Rick Lytle, Online Editor-in-Chief

There are 151 days until the Cubs and White Sox play again, the NFL trade deadline passed and Mitch Trubisky is still our quarterback, the Blackhawks are 3-5-2 and we can hope for an average at best season from the Bulls. What do we need? NCAA Football ‘20. 

The legendary (but currently discontinued) video game is centered around NCAA College Football. Starting with ‘Bill Walsh College Football’ in 1993 and ending with ‘NCAA Football 14’, the 21 releases were all part of one of the most successful series that EA Sports has developed. The final edition EA Sports created, NCAA Football 14, sold over one million copies. 

On Oct. 29, 2019, the NCAA Board of Governors, under pressure from some state governments, unanimously agreed to begin the process of amending rules relating to players profiting from their likeness and image. This decision appears to be a step towards reversing the rules that led to the game being discontinued. Players not being allowed to profit from appearing in the game was part of a dispute that led to the series ceasing production. If the players can in fact profit, the door could be opened for a return to video games featuring collegiate sports and athletes.

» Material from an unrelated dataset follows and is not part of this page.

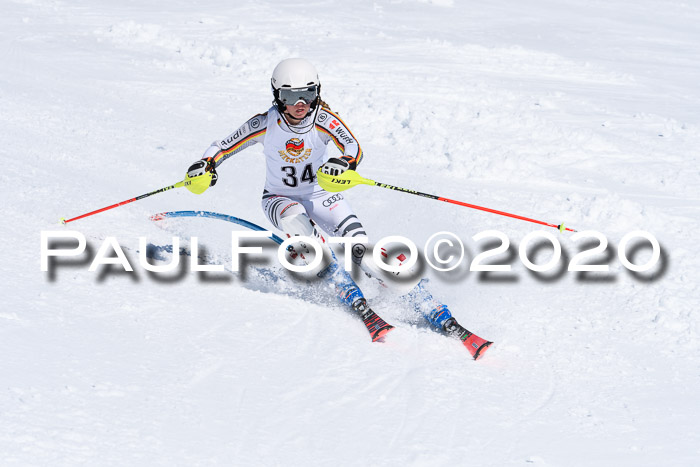 Allgäuer Schülermeisterschaft SL 2020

Assuming the players are interested in making money, which would seem like a logical conclusion, then the ball would be in EA’s court. At a conference earlier in October, EA CEO Andrew Wilson said EA “would jump for the opportunity” to return to making their video games featuring college sports. As for the NCAA? Many hurdles remain.

The NCAA Board of Governors certainly didn’t want to support college athletes getting paid in certain circumstances, claiming it would be the end of amateurism in college sports. The California state government forced their hand when they passed California Senate Bill 206, more commonly known as the Fair Pay to Play Act, which was signed into law by California Gov. Gavin Newsom on Sept. 30. In short, the bill required that by 2023, NCAA athletes in California would be able to profit from their name, image, and likeness. With other states beginning to introduce similar legislation, the NCAA became worried about a competitive inequality between member schools. The announcement today is a result of these events. 

While the depth and effect of the announcement today is not yet fully understood, we may have just moved a step closer to lifting the College Football Playoff National Championship trophy with Joe Burrow (or Coach O, your choice), throwing for 400 yards and rushing for another 200 with Justin Fields or, if you really want to ruin you friendship, running the option with Jalen Hurts and the rest of the Sooners backfield the entire game.